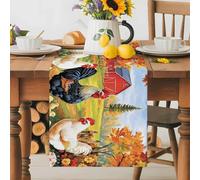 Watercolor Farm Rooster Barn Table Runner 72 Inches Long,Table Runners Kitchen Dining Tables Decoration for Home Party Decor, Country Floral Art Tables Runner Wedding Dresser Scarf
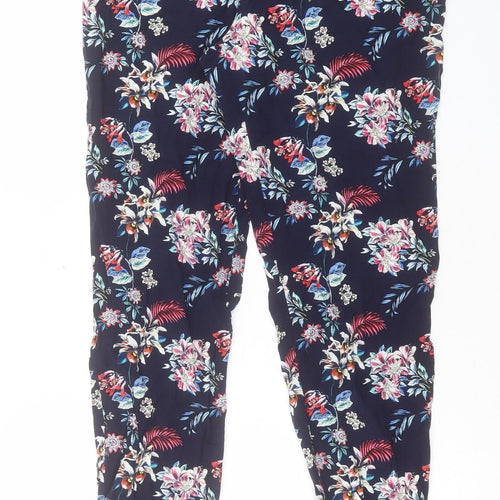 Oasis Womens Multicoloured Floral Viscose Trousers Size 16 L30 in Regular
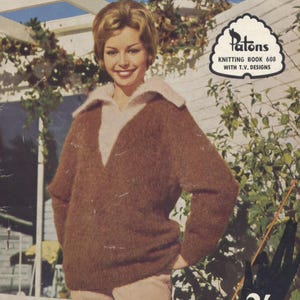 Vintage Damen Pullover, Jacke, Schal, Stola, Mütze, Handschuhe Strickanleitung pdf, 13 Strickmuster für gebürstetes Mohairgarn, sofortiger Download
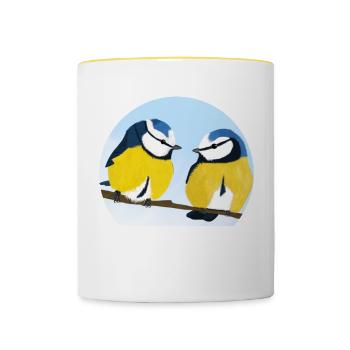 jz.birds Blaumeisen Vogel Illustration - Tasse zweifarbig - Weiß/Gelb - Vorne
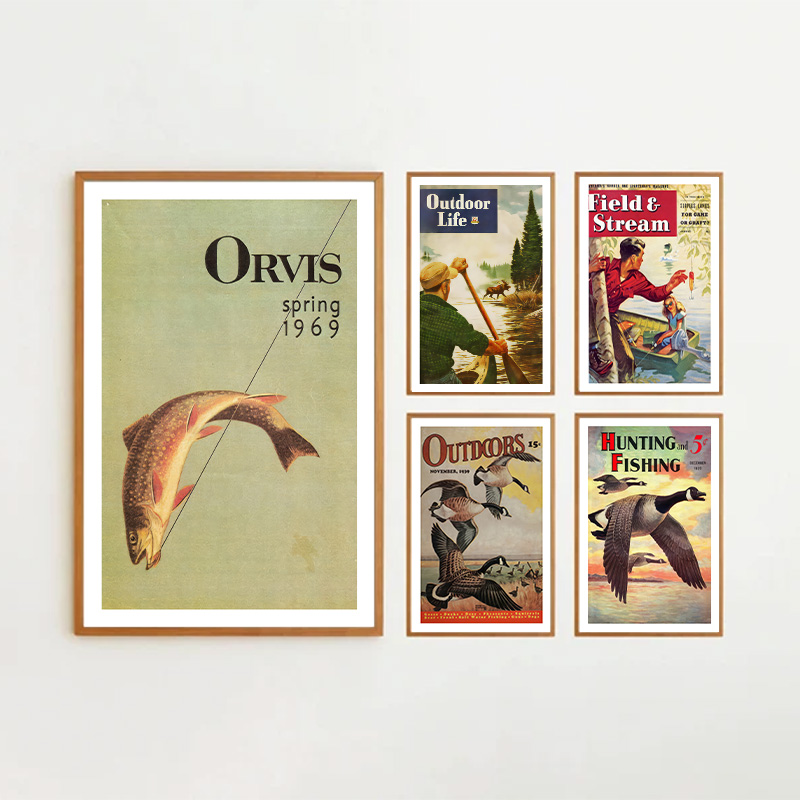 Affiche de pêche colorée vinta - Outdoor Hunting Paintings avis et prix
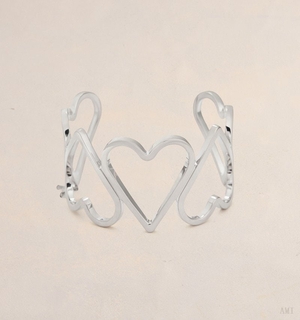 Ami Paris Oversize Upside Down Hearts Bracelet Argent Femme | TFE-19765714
· · · · ·
▶ The problem
Everything in the records above except the pictures is to be reproduced word for word.

▶ Problem solution
 Watercolor Farm Rooster Barn Table Runner 72 Inches Long,Table Runners Kitchen Dining Tables Decoration for Home Party Decor, Country Floral Art Tables Runner Wedding Dresser Scarf
 Oasis Womens Multicoloured Floral Viscose Trousers Size 16 L30 in Regular
 Vintage Damen Pullover, Jacke, Schal, Stola, Mütze, Handschuhe Strickanleitung pdf, 13 Strickmuster für gebürstetes Mohairgarn, sofortiger Download
 jz.birds Blaumeisen Vogel Illustration - Tasse zweifarbig - Weiß/Gelb - Vorne
 Affiche de pêche colorée vinta - Outdoor Hunting Paintings avis et prix
 Ami Paris Oversize Upside Down Hearts Bracelet Argent Femme | TFE-19765714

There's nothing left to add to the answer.